Milk, controversies aside, it is an excellent whole food source of calcium, high biological value proteins, fats, vitamins and minerals. There are lactose-free, low-fat or calcium-enriched versions to make it more compatible with the different needs of consumers. Nowadays, many people have chosen to replace milk with other calcium-rich vegetable drinks such as almonds, soy, rice or oats which are also a good option when it comes to increasing the consumption of this mineral if it is the case of our needs.    
 
And to finish, we do not leave them pulses such as beans, beans, chickpeas, broad beans or peas.

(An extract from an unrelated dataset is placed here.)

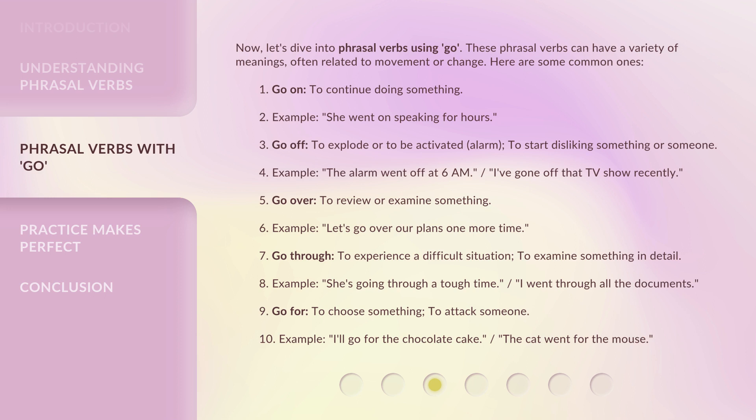First, 'go on' — to continue doing something. Example: she went on speaking for hours. Second, 'go off' — to explode or to be activated, like an alarm, or to start disliking something or someone. Examples: the alarm went off at 6 a.m.; I've gone off that TV show recently.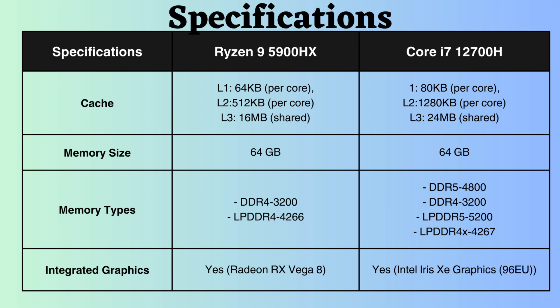Both of these processors support up to 64GB of RAM. While the Intel processor supports DDR5 and LPDDR5 RAM, the Ryzen does not support these. Additionally, the maximum frequency supported by this RAM is higher in the case of the Intel i7-12700H.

An energy-rich food group that can be heavy if cooked together with fats, which is not recommended.
 
From here, we can propose this weekly menu rich in calcium:
 

Monday

Tuesday

Wednesday

Thursday

Friday

Saturday

Diumenge

Rice milk

Amaranth cookies

Pineapple juice

Yogurt with musli

Te

Roasted with feta cheese

Milk

Cookies

Milk

Toast with tahina

Bread with arugula and blue fish

Yoghurt with amaranth

Orange juice

Sesame bar

Tangerine

Soy yoghurt

Almonds

Yogurt

Orange

Broccoli with steamed bass

Marinated salmon with dill and sesame sauce

Cream of carrot with tahina

Fish with almond sauce

Rice with vegetables and turmeric

Mussels in Belgian

Watercress, pipe, soy and beet salad

Round turkey with Roquefort sauce

Grilled endives

Macaroni with parmesan au gratin

Beans coming out of the pot

Calf with garlic and parsley

Couscous of vegetables

Chicken breast with herbs

Almonds

Kefir

Fruit shake

Musli with nuts

Citrus fruit salad

Toast with fresh cheese

Yogurt

vegetable soup

Zucchini omelette

Salad with nuts

Anber hummus toasters

Sautéed tofu with lentils and vegetables

Quinoa with Brussels sprouts and tomato sauce

Tomato quiche

Goat cheese and sardines

Miso soup with wakame seaweed

Rice pudding

Green salad with figs and xia

Cheese fritters

 

the author

Olga Amado

Responsible Area of ​​health of the Llinars Sport

Graduate in medicine and surgery (UAB). Specialist in Physical Activity and Sports Medicine (UB). Master in Nutrition and Food (UB).